### Dataset content

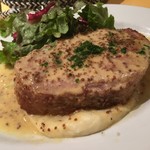 豚ロースのロースト~粒マスタードソース～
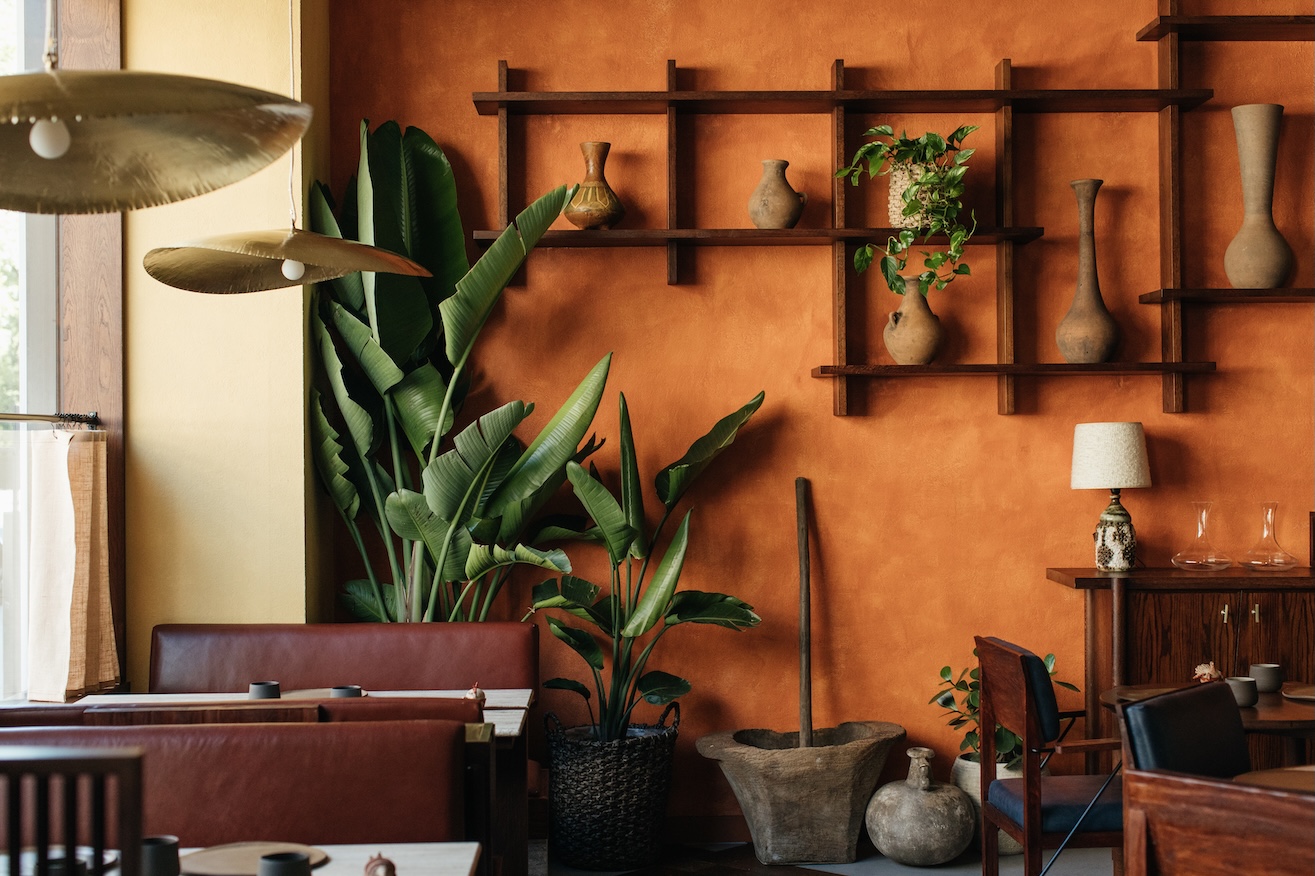 開放式廚房占據空間視線，灰泥牆面上映著焦橙與暖黃色調，那是熟悉的墨西哥街道色彩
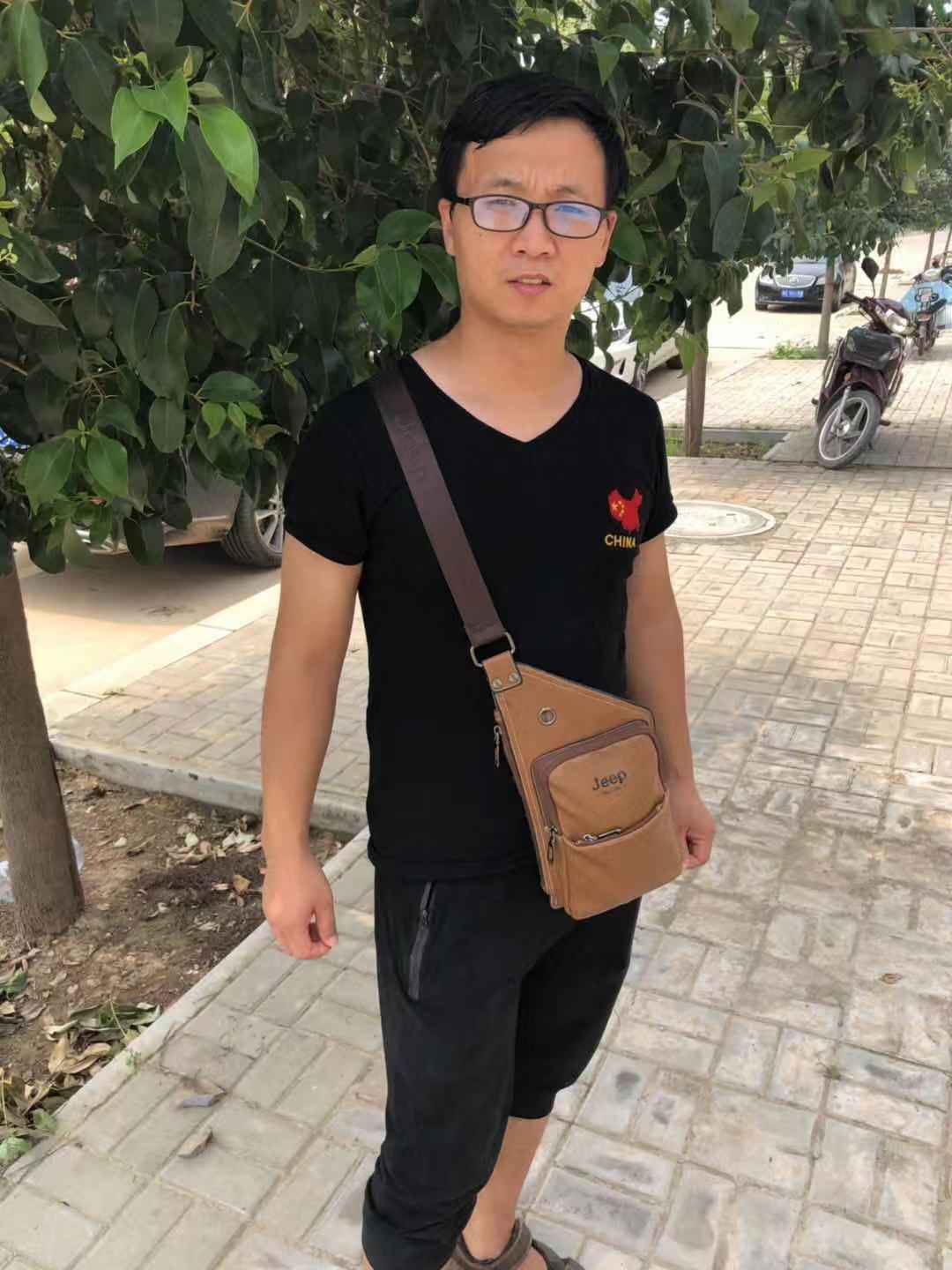 中年男士出门怎么背包？教你几种不同的背法，单肩斜挎拉风又时髦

### Directions
Transcribe the preceding listing in its entirety and with exact wording, leaving out pictures.

### Exercise result
 豚ロースのロースト~粒マスタードソース～
 開放式廚房占據空間視線，灰泥牆面上映著焦橙與暖黃色調，那是熟悉的墨西哥街道色彩
 中年男士出门怎么背包？教你几种不同的背法，单肩斜挎拉风又时髦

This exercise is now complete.